Stored entries:

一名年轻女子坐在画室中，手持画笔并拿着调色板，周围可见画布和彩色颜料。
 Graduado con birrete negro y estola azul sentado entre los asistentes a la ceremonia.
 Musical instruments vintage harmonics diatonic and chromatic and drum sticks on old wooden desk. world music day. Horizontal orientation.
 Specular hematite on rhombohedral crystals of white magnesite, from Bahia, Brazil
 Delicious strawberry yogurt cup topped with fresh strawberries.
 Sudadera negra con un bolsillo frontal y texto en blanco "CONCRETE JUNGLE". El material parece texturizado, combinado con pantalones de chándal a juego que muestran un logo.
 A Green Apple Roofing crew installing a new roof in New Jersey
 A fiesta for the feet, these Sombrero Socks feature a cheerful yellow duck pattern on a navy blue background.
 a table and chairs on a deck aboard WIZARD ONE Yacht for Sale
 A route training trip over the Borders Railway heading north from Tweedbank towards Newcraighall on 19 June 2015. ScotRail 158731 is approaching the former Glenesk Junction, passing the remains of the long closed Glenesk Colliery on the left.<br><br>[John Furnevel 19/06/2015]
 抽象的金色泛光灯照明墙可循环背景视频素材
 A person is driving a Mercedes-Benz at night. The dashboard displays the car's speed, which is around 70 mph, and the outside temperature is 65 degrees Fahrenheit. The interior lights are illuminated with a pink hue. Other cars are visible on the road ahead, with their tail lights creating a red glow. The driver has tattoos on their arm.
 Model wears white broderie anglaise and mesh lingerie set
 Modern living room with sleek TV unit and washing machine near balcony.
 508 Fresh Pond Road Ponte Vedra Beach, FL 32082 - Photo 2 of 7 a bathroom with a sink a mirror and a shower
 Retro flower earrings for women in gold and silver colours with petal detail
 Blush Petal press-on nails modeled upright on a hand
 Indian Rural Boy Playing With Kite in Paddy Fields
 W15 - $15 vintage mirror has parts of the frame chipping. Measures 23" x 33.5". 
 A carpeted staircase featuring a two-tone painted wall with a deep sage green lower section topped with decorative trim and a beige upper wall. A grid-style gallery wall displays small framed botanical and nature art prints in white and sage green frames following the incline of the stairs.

**About this exercise:** Wherever "topped" turns up in the records, copy the whole line.

**Response area:**
 Delicious strawberry yogurt cup topped with fresh strawberries.
 A carpeted staircase featuring a two-tone painted wall with a deep sage green lower section topped with decorative trim and a beige upper wall. A grid-style gallery wall displays small framed botanical and nature art prints in white and sage green frames following the incline of the stairs.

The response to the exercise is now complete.